Right before my eyes

Ok, I was working today when a certain someone came in.  I mentioned in my last post that they've had a make over and are looking good - well they came in today and yup, they look fantastic!  So there they were, right before me - looking oh so good.  But they've just come out of a long term relationship and therefore I couldn't say anything even if I had the balls to.

So there we go - I realised I had an inters when they were working with me but couldn't because they were with someone and we worked together.  Both of those obstacles are out of the way now but I don't know how they feel about me, and frankly i don't think that I have the confidence to actually say anything anyway.  The more i look at myself in the mirror, the more I realise that I have a long way to  go before I feel that I can have confidence on my appearance.  I still have a lot of stomach fat to loose.  I may have lost 5 stone and reached 13 stone in weight but that extra stone and a half to two stone is really noticeable to me.  I need to get rid of it weigh a vengeance.

Maybe this is the prod I need to make me go the extra mile.  I know who I want a chance to be with now.  I don't really want to get into online dating at the moment, I want a chance to see if there is something here that might happen.  So that means two things.

Firstly I need to double down and really push to get rid of the extra weight.  I don't know how much less I can eat in a day and how much more exercise I can pack into a week but I think I need to push harder and see what i can do.  I have been pretty weak and lax recently.  I need to push on and toughen up on myself.  I am sure that I can drop a naughty night each week and stop at one.  I am also sure that I can regain the motivation not to eat in the evening.  Recently I have been having a little snack when I have got back from the gym and whilst i have been under my RDA for calories still it has reduced the speed at which I have lost weight.  I want and need to feel confident in my appearance, and be desirable to her.  I need to look good.  I have to force myself on, motivate myself to go even further and even harder - as the saying goes... "Go hard or go home!"

Secondly, I need to reevaluate and reprogram my thoughts and expectations in terms of relationships.

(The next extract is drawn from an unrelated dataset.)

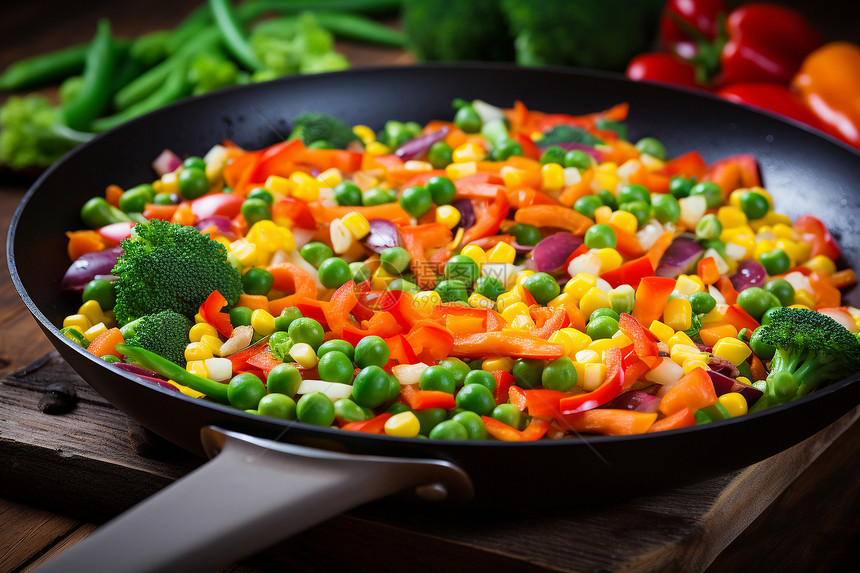 桌面上健康美味的蔬菜图片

I seem to be so quick to jump at things right now, almost overkill.  no one is going to want to be with someone who is rushing at the speed that I seem to gallop ahead at.  I need to reign myself in and learn to move at a sensible speed instead of assuming that whatever stage of feelings that I am at, other people are automatically going to mirror them.

I need to go back to basics - deconstruct the person that I am and reconstruct the person that they can fall for.

It's all a bit of a mess but at the same time I feel motivated to really push for what I want.

Lord, what is in front of me shows me what I want.
Is this meant to be?
I know it has re-motivated me and that can only be positive
Please give me the strength though your grace to actually stick with this new motivation.
In a way I don't mind if this isn't meant to be, if it is your will.
But please bring someone into my life.
It's really time now.  I don't want to be on my own anymore.

IJN, Amen

Saturday 18 January 2014

4 (emotional) seasons in one (crap) day

O...M...G... what a day.  I feel really down right now.  It was all going so well until the end of the day - but bizarrely enough it was a mistake that I made at the beginning of the day that destroyed the end of the day.  Basically, I managed to undercharge a customer's card but a substantial amount.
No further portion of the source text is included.